= Beginning of Section =

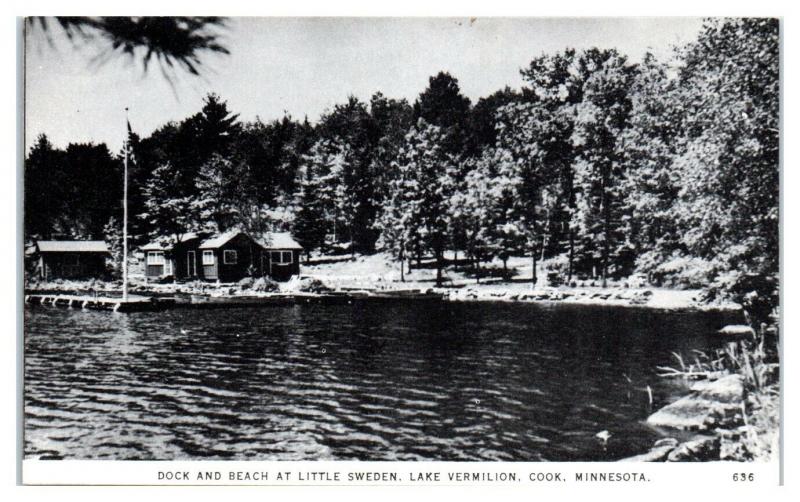 Dock and Beach at Little Sweden, Lake Vermilion, Cook, MN Postcard *5D(2)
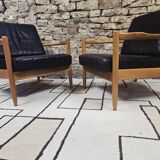 Pair of 1970s leather armchairs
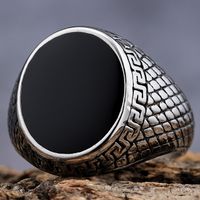 Hip-Hop Streetwear Color Block 304 Stainless Steel Carving Men's Rings sku image 6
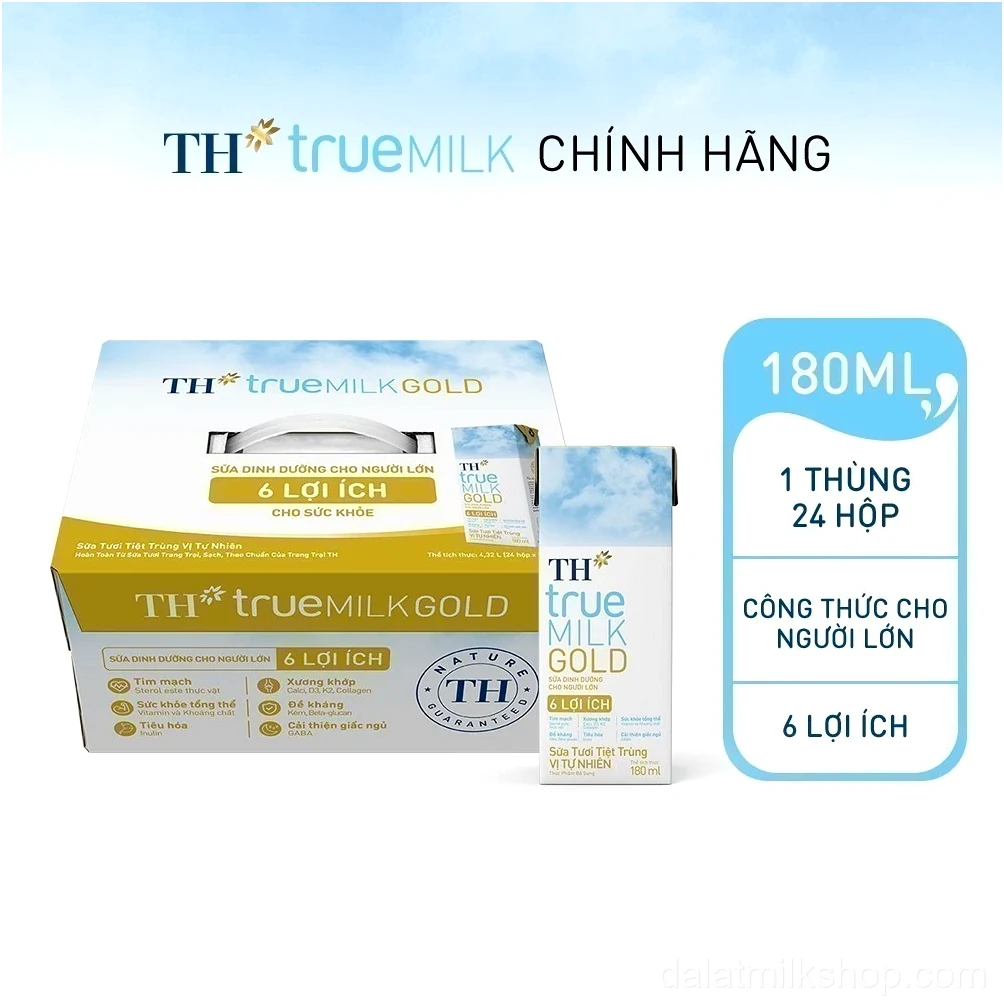 Thùng 24 hộp sữa tươi tiệt trùng vị tự nhiên TH tr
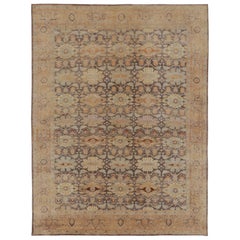 Rug & Kilim's Modern Classics Rug in Antique Brown, Gold, and Dusty Blue Floral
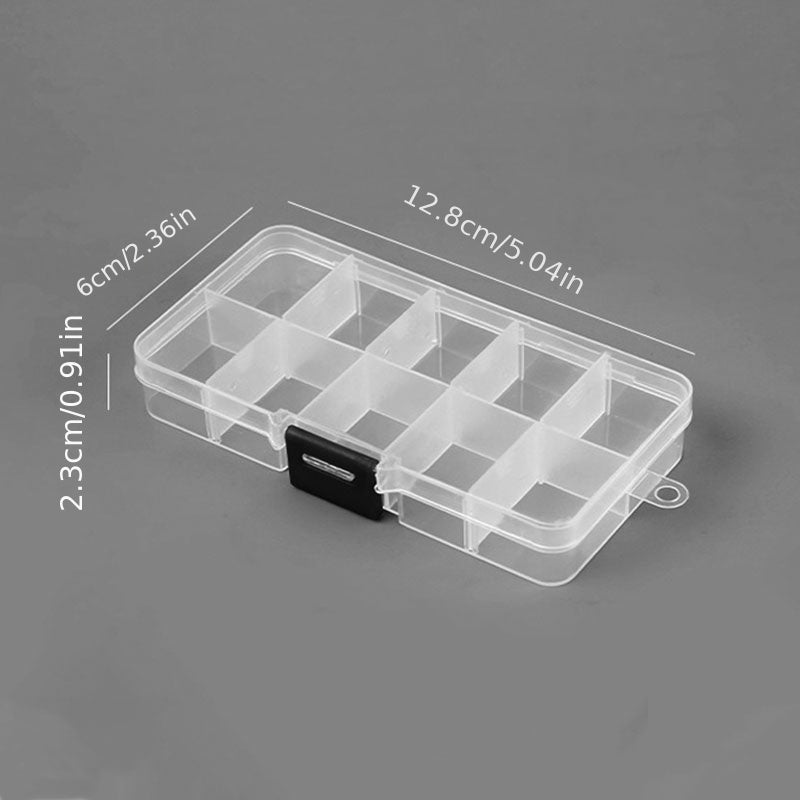 10-Slot Plastic Box Jewelry Storage Case Craft Organizer Bead Storage Bin
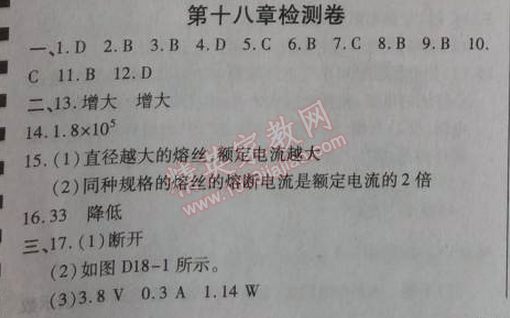 2014年高效課時通10分鐘掌控課堂九年級物理上冊人教版 十八章檢測卷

= End of Section =

_Task instructions:_
Omit the pictures, then extract verbatim only those lines that fall between the line containing "10-Slot Plastic Box" and the final line of the records above, both included.

_Result for this exercise:_
 10-Slot Plastic Box Jewelry Storage Case Craft Organizer Bead Storage Bin
 2014年高效課時通10分鐘掌控課堂九年級物理上冊人教版 十八章檢測卷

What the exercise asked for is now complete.